╭─ SUPPLIED DATA
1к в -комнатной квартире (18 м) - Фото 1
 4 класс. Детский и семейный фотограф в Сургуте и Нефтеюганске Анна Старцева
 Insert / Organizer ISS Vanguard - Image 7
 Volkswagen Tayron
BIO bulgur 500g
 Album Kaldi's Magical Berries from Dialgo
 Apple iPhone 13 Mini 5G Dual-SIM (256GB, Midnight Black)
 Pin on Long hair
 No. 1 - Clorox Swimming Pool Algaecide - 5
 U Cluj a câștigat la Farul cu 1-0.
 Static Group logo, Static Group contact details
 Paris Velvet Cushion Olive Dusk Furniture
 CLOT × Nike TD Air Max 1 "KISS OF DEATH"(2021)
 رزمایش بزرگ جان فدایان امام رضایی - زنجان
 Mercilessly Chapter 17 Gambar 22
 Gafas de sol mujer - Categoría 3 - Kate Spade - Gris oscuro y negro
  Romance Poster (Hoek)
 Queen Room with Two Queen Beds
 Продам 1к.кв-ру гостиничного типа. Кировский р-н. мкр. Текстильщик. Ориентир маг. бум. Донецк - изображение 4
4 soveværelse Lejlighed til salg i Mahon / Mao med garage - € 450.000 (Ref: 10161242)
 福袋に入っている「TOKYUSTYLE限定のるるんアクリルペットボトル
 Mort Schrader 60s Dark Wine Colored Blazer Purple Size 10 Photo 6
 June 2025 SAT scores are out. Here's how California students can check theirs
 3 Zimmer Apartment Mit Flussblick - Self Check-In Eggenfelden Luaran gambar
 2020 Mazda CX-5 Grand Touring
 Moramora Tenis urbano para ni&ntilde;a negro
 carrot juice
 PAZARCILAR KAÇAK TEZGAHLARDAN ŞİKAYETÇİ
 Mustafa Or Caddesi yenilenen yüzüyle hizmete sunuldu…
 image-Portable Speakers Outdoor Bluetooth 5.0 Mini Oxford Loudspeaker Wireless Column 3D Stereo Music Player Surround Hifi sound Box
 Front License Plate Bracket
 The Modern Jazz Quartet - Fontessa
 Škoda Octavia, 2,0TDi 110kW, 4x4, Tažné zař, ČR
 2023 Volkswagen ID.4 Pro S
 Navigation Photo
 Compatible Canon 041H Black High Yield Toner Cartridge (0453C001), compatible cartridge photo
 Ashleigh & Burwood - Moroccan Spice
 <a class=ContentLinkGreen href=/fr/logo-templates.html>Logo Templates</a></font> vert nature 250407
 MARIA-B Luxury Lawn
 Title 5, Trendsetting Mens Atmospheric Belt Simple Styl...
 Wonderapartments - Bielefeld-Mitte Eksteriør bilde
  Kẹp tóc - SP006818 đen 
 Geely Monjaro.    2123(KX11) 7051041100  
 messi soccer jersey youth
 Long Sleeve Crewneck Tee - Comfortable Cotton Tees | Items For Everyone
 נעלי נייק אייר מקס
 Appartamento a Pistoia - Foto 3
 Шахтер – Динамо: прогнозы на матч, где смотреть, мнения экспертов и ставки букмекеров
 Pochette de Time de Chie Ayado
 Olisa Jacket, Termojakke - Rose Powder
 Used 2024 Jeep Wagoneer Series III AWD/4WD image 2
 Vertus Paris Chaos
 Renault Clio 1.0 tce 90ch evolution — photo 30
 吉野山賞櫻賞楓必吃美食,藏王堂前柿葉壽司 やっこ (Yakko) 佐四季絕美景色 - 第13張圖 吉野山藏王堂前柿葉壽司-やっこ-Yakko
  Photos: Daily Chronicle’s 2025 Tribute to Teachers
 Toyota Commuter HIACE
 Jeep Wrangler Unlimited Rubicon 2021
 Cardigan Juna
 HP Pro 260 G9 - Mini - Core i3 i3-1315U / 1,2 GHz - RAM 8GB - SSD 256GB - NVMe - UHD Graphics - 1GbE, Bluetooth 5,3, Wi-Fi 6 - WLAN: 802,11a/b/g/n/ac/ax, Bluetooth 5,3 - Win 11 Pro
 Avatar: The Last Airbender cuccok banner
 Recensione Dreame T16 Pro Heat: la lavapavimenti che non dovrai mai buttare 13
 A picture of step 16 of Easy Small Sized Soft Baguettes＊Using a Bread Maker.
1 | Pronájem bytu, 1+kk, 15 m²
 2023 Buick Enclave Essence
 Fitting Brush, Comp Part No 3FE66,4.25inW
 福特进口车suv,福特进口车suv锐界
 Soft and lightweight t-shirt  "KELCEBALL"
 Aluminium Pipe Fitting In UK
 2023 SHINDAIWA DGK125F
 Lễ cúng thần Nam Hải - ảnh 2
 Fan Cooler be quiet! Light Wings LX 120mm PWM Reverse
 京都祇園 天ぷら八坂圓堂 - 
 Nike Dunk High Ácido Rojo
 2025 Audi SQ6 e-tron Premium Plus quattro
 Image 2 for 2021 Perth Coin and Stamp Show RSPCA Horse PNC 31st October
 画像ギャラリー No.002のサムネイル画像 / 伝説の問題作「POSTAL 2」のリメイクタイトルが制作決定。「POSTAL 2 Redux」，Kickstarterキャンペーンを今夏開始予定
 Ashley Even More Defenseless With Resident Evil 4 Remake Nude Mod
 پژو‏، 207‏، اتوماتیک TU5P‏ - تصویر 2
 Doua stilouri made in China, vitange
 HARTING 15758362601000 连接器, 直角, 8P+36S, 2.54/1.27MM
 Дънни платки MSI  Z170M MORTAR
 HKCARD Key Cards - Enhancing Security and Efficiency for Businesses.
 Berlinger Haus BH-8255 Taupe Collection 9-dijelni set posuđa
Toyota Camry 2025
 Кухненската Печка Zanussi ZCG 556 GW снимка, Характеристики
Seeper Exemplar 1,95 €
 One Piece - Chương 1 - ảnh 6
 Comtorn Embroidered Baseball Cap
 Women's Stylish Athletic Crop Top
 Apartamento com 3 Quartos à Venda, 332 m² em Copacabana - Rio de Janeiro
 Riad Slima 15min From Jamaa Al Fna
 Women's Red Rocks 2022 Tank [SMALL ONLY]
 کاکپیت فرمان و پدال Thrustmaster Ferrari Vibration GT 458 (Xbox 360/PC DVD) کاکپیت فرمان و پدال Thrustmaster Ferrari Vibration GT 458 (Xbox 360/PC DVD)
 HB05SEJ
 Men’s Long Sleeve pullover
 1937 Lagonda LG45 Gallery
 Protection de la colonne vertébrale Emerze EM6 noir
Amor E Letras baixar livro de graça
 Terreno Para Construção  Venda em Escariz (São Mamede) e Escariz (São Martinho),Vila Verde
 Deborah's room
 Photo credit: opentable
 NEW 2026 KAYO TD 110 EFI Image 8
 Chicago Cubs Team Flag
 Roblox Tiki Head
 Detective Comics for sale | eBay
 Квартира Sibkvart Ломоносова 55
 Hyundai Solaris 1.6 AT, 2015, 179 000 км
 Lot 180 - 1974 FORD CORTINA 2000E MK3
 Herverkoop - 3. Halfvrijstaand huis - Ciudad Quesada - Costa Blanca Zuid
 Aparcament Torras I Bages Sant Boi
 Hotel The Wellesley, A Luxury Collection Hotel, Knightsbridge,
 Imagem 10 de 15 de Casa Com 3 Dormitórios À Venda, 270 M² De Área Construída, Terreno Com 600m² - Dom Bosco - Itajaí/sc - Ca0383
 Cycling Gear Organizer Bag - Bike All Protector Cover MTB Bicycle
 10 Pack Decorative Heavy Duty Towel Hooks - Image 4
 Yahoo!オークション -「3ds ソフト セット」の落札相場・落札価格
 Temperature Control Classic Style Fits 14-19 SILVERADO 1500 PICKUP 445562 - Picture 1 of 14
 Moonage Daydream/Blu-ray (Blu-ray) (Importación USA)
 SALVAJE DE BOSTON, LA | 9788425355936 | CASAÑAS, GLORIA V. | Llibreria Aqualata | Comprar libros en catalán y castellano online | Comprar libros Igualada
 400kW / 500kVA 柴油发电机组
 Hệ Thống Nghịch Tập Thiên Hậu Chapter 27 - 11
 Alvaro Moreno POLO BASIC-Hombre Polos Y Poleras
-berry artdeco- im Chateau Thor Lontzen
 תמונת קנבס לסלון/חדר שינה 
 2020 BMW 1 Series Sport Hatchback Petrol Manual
╰─
__ACTION ITEM__.
From the data above, output only the lines between the line containing "پژو‏، 207‏، اتوماتیک TU5P‏ - تصویر 2" and the line containing "Toyota Camry 2025", inclusive, exactly as written.

__RESULT OF THIS EXERCISE__.
 پژو‏، 207‏، اتوماتیک TU5P‏ - تصویر 2
 Doua stilouri made in China, vitange
 HARTING 15758362601000 连接器, 直角, 8P+36S, 2.54/1.27MM
 Дънни платки MSI  Z170M MORTAR
 HKCARD Key Cards - Enhancing Security and Efficiency for Businesses.
 Berlinger Haus BH-8255 Taupe Collection 9-dijelni set posuđa
Toyota Camry 2025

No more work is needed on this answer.